I want to use only one ballast to power 3 bulbs. But instead all 3 bulbs being on all the time I want one of them to be on 10 hours and the other 2 to come on for only 3-4 hours in the middle of the day.

I've connected 1 bulb to the ballast using the yellow wire and one of the red ones. That's the bulb that will be on 10 hours. The ballast is connected to the timer.

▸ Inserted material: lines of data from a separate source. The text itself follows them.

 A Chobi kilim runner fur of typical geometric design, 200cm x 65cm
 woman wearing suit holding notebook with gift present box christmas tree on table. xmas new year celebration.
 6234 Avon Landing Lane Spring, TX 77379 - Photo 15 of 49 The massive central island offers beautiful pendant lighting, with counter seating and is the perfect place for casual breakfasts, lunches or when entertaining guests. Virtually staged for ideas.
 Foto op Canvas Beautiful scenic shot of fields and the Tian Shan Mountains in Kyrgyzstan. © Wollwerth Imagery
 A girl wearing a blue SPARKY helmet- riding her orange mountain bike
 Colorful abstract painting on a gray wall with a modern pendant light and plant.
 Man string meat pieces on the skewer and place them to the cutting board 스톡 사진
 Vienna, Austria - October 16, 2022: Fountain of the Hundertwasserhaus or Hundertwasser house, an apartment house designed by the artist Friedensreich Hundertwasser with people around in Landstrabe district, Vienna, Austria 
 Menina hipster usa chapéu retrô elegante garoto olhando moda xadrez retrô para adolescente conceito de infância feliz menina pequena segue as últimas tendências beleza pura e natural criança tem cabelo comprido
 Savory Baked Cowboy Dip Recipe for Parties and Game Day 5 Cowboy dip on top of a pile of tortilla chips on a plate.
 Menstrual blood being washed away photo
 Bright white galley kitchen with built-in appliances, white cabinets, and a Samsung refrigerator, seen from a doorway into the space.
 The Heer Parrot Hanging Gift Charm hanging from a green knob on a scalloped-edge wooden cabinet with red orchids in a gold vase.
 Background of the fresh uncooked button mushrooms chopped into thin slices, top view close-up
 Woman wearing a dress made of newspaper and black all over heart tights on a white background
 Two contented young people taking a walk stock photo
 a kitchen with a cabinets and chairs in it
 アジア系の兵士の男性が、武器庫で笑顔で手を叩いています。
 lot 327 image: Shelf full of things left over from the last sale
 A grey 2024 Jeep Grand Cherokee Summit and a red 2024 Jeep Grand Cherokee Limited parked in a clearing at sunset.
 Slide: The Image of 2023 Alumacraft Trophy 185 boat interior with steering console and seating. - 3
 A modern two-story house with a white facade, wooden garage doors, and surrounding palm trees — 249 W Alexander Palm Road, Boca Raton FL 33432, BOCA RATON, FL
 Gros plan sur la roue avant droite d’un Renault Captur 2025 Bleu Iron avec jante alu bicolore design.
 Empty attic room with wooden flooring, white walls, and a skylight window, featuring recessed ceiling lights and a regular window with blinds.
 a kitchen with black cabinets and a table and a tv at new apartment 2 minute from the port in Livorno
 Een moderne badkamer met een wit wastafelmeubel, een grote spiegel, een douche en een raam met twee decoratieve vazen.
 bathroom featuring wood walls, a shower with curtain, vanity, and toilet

My idea is to connect the yellow wire permanently to the 2 bulbs and have a second timer connect the red wires for the 3-4 hours work time;

1. Is it safe to use a second timer connected to 2 of the red wires coming from the ballast? 
2. Is it safe to have the yellow wire permanently connected to the other 2 bulbs?

--Nikolay


----------



## Erirku (Oct 5, 2004)

I'd be careful, if I were you!:-s Seems alittle dangerous. I don't know how you would do that, since you want different things to happen to certain lights. So here's my 2 cents:
First off, IMHO, don't you need 2 different ballasts? You want to turn on lights at different time, instead of all turning at once. That's where it sounds dangerous!!! One wrong move and something bad (I don't want to type it) So why don't you use 2 ballasts, maybe that'll help. Good luck.


----------



## dennis (Mar 1, 2004)

Having th eyellow wire connected would not hurt anything as the circuit would not be completed. While the yellows are technically not neutral or ground wires, they can be considered as such.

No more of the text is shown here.